12. Ceza Dairesi 2017/4203 E. , 2018/3189 K.
"İçtihat Metni"Mahkemesi :Asliye Ceza Mahkemesi
Suç : Kişiler arasındaki konuşmaların dinlenmesi ve kayda alınması
Hüküm : TCK"nın 133/1, 62/1, 50/1-a, 52/2-4. maddeleri gereğince mahkumiyet
Kişiler arasındaki konuşmaların dinlenmesi ve kayda alınması suçundan sanığın mahkumiyetine ilişkin hüküm, sanık tarafından temyiz edilmekle, dosya incelenerek gereği düşünüldü:
Yapılan yargılamaya, toplanıp karar yerinde gösterilen delillere, mahkemenin kovuşturma sonuçlarına uygun olarak oluşan kanaat ve takdirine, incelenen dosya kapsamına göre, sanığın kendisini savunmaya yönelik eyleminden dolayı cezalandırılamayacağına ilişkin sair temyiz itirazlarının reddine, ancak;
1- TCK"nın 133/1. madde ve fıkrasında, iki veya daha fazla kişinin, başkalarının bilmeyeceği ve sınırlı bir dinleyici çevresi dışına çıkmayacağı yönünde haklı bir inanç ve iradeyle hareket ederek, herhangi bir aracı vasıta olarak kullanmadan, yüz yüze gerçekleştirdikleri, ancak özel bir çaba gösterilerek duyulabilecek, aleni olmayan, söze dayalı, sesli düşünce açıklamalarının, konuşmanın tarafı olmayan kişi veya kişilerce, ilgilisinin rızası olmaksızın, elverişli bir aletle (sesli bir açıklamayı kuvvetlendirerek veya naklederek onu ses alanının dışına çıkartıp doğrudan doğruya algılanabilir hale getirmeye yarayan her türlü düzenekle) dinlenmesi veya akustik olarak tekrar dinlenebilmesi imkanını sağlayan bir aletle kaydedilmesi; aynı Kanun"un 133/2. madde ve fıkrasında ise en az üç veya daha fazla kişinin, yüz yüze gerçekleştirdikleri, aleni olmayan, söze dayalı düşünce aktarımlarının, söyleşinin tarafı olan kişi veya kişilerce, ilgililerinin rızası olmaksızın, bir aletle kaydedilmesi, kişiler arasındaki konuşmaların dinlenmesi ve kayda alınması başlığı altında suç olarak tanımlanmıştır. Söyleşiden farklı olarak, iki kişi arasında da gerçekleşebilecek olan konuşmada, konuşan tarafların, aralarında geçen sözleri kaydetmesi, TCK"nın 133/1. madde ve fıkrası kapsamında suç olarak tanımlanmamış olup, koşulları bulunduğu takdirde eylem aynı Kanun"un 134. maddesinde düzenlenen özel hayatın gizliliğini ihlal suçunu oluşturabilir.

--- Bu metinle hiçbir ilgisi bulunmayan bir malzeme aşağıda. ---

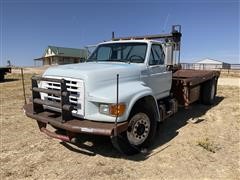 1996 Ford F800 S/A Gin Pole Truck W/Winch & Rolling Tailboard 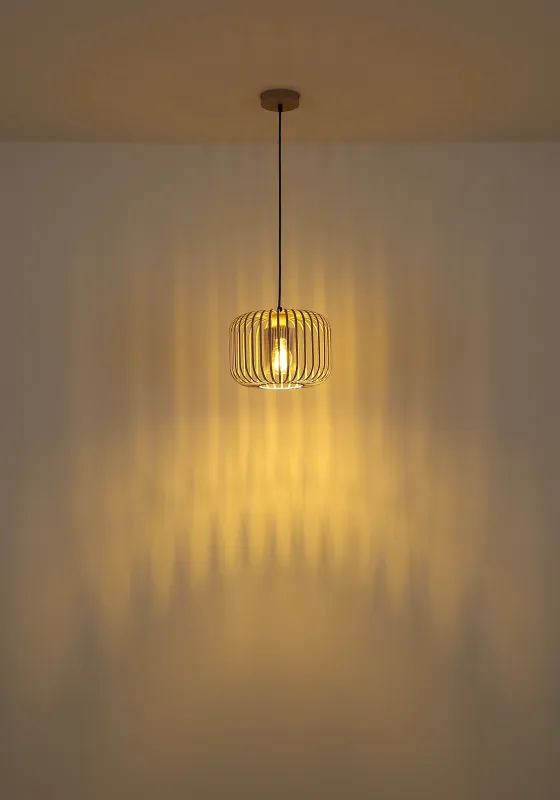 Alfred Ø28 Arena Lámpas de techo De Globo Lighting - Den &auml;r tillverkad av sandf&auml;rgad matt metall och har en mjukt rundad metalln&auml;tssk&auml;rm med en inre glascylinder, som skapar ett elegant och luftigt uttryck.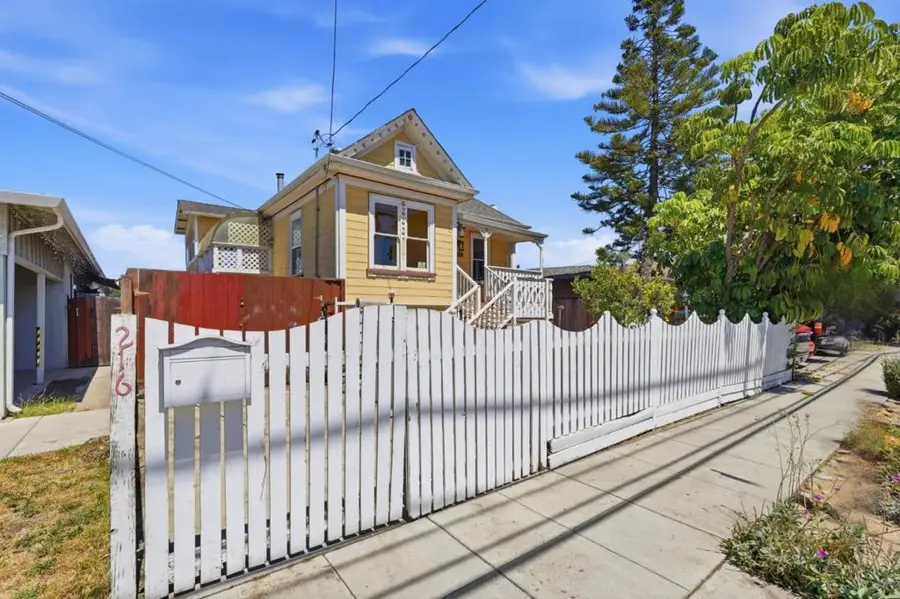 216 N 25th Street, San Jose, CA 95116 - #3
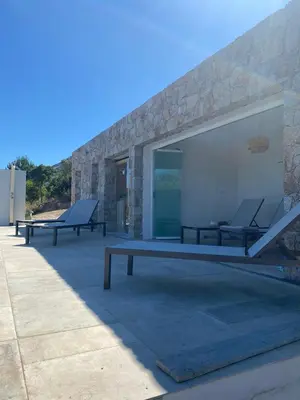 a couple of benches sitting next to a building at Fiore di Machja - Moncale in Moncale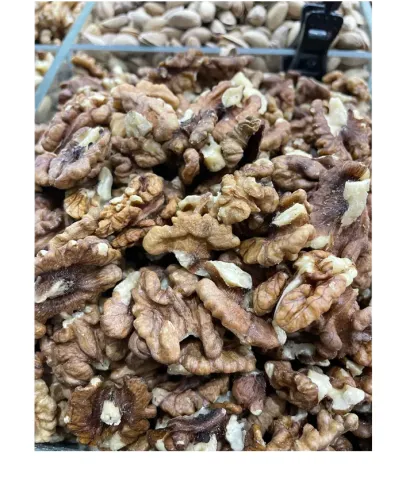 Walnut Kernels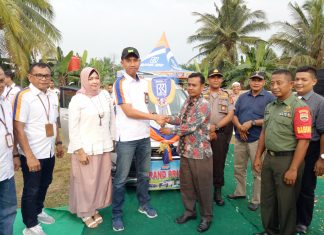 Grand Prize Satu Unit Mobil Sienta, BRI Kanca Pasirpengaraian Gelar Panen Hadiah Simpedes Pinca BRI Pasirpengaraian, Yosep Mahardika menyerahkan hadiah Grand Prize secara simbolis kepada Kades Tanjung medan mewakili nasabah yang BRI Unit Tanjung Medan yang memenangkan hadiah Grand Prize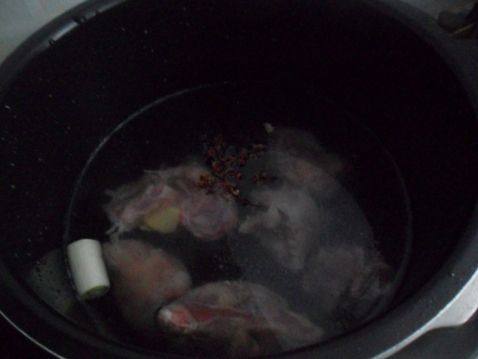 营养骨汤火锅步骤3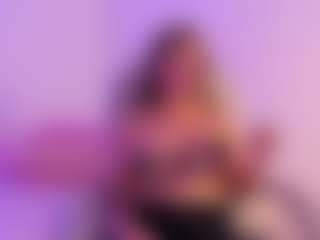 BritneeyDiamond's Live Sex Cam Show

Bu açıklamalar ışığında incelenen dosyada; Küçükçekmece Cumhuriyet Başsavcılığında zabıt katibi olarak görevli sanıkla aynı yerde görev yapan bir kadın meslektaşının, sanıkla aralarındaki arkadaşlık ilişkisi sona ermesine rağmen sanık tarafından rahatsız edildiği iddiasını, yazı işleri müdürüne, yazı işleri müdürünün de Cumhuriyet Başsavcı Vekiline iletmesinin ardından, konuyu konuşmak amacıyla yazı işleri müdürünün odasına çağrılan sanığın, Cumhuriyet Başsavcı Vekili ve yazı işleri müdürü olan katılan mağdurlarla yüz yüze yaptıkları aleni olmayan söyleşiyi, katılan mağdurlar tarafından kendisine karşı işlenmekte olan ve ani gelişen bir suç bulunmadığı halde, odaya girmeden önce ses kayıt fonksiyonunu aktif hale getirdiği cep telefonuyla önceden hazırlıklı ve planlı şekilde, diğer iki konuşanın bilgisi ve rızası dışında kaydetmesi biçiminde sübut bulan eyleminden dolayı sanık hakkında TCK"nın 133/2. madde ve fıkrası gereğince mahkumiyet hükmü kurulması gerekirken, suç vasfında yanılgıya düşülüp, kaydı yapan sanığın konuşmanın tarafı olduğu nazara alınmaksızın, aynı Kanun"un 133/1. madde ve fıkrası gereğince mahkumiyet hükmü kurulması,
2- Adli emanete alınan CD hakkında bir karar verilmemesi,
Kanuna aykırı olup, sanığın temyiz itirazları bu itibarla yerinde görüldüğünden, hükmün bu nedenlerle 5320 sayılı Kanunun 8. maddesi uyarınca halen uygulanmakta olan 1412 sayılı CMUK"un 321. maddesi gereğince isteme aykırı olarak BOZULMASINA, 21.03.2018 tarihinde oybirliğiyle karar verildi.